Definition from wikipedia: An externality is the effect of a transaction between two parties on a third party who is not involved in the carrying out of that transaction.

So, an example of an externalitiy might be: downtown xcompany builds a new production facility in the cheaper suburbs which supplies their locations downtown. The tiny highway connecting them is now overburdened with all of the traffic and tax money must be spent to improve the roads. The externality is- xcompany sells items to their customers, but part of their support network is the state tax which pays for the roadwork. xcompany saves by building in the suburbs, taxpayers (who, certainly, don't all buy xcompany's products) foot the bill for the increased profits for xcomapny.

Externalities are becoming a prominent feature in our daily lives.

Take the consumer goods market. Thorough testing of software and hardware is no longer done.

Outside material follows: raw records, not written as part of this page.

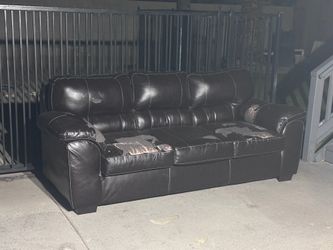 Free Couches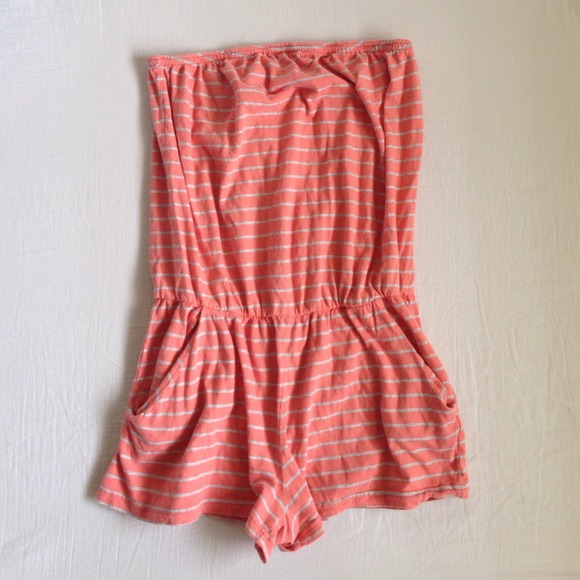 Forever 21 Strapless Striped Romper Size Small - Picture 2 of 4
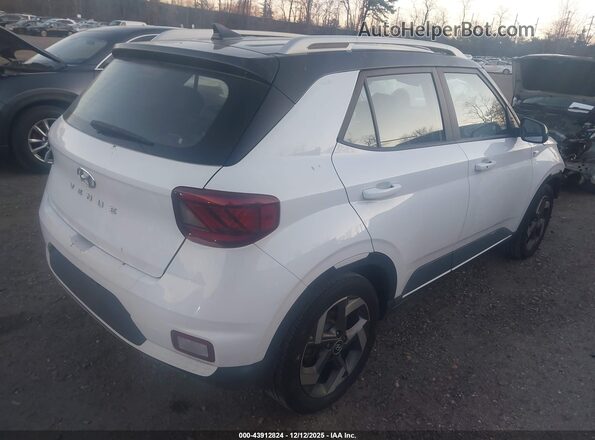 KMHRC8A34NU141493 2022 HYUNDAI VENUE Белый Задняя правая четверть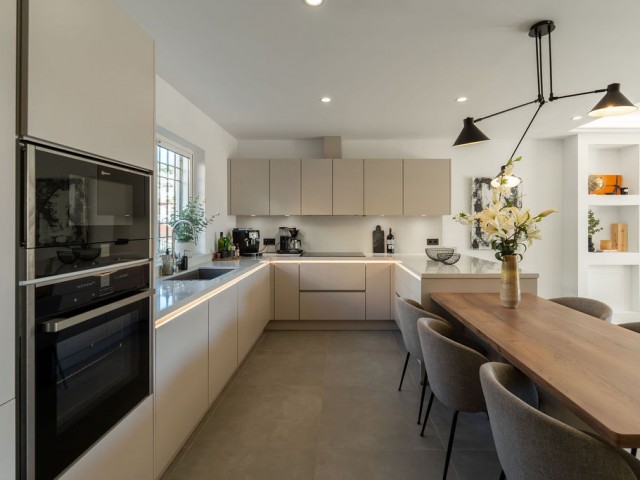 4 Schlafzimmer Reihenhaus in Nueva Andalucía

Windows software is a prime example. Windows is an ongoing public beta. "Public Beta" means that the verion is admittedly not working, and the company wants the public to use it ayway and find out what is wrong so they can fix it- the thinking being that you benefit from getting the software early, and they benefit by your feedback. As we see weekly, they still have not fixed it, as patches and updates constantly come out. I won't bother to go on and on about the fact that a beta is typically free.

When you buy something electronic now, you can pretty much count on getting no help whatsoever from the company that made it if the problems you have aren't RTFM or general don't-know-what-I'm-doing problems. You'll get stuck on hold, transferred, walked through the script by someone who only knows how to do three preschool fixes and doesn't recognize a user who knows what is wrong and can articulately describe it from one who CFTAWAF.

This is an externailty in a way, although it's a little difficult to recognize.

Stockholders in the company and CEOs who need another gold-plated waterbed complain that profits are down. Beancounters reply that we spend X on support, and boy, that's a lot. The numbers get compared to some other department, and our myopic and selfish pals decide to cut costs there to increase waterbed fund. So, company increases profits for stockholders by cutting support funding. Externalization: person buying product gets screwed when their doodad breaks.

What recourse do you have once this happens? Go out into the street, stomp your feet and cry for your mommy. That's about it.

You can't return the product, because it's open.

You can't drive down to the manufacturer and storm into their office, because it's a megacorporation, and they're not down the street, and even if they are, there are armed guards to assure you don't get past the hedge.

You can't do a damn thing about it but complain on your blog. Every now and then that works, and every other now and then, that gets you blog yanked by some shyster lawyer.